◆ **Instructions to follow**: Below are some records. Return exactly the lines from the one with "Lower Body Stretching" to the one with "2011-03-08 003.webp", and nothing else.

◆ **Given data**:
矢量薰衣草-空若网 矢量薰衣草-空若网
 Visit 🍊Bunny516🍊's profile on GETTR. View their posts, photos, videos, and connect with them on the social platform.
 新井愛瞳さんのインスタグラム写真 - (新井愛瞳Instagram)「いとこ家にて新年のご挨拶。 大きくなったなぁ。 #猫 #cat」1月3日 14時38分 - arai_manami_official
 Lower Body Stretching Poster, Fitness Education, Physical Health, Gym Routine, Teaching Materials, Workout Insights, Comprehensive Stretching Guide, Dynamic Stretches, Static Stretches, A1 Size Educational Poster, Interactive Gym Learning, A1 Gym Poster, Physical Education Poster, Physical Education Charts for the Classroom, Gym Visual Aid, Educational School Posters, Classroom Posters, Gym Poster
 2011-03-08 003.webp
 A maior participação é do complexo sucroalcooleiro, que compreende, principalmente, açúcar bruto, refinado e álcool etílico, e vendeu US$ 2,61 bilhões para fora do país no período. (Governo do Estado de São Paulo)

◆ **Response**:
 Lower Body Stretching Poster, Fitness Education, Physical Health, Gym Routine, Teaching Materials, Workout Insights, Comprehensive Stretching Guide, Dynamic Stretches, Static Stretches, A1 Size Educational Poster, Interactive Gym Learning, A1 Gym Poster, Physical Education Poster, Physical Education Charts for the Classroom, Gym Visual Aid, Educational School Posters, Classroom Posters, Gym Poster
 2011-03-08 003.webp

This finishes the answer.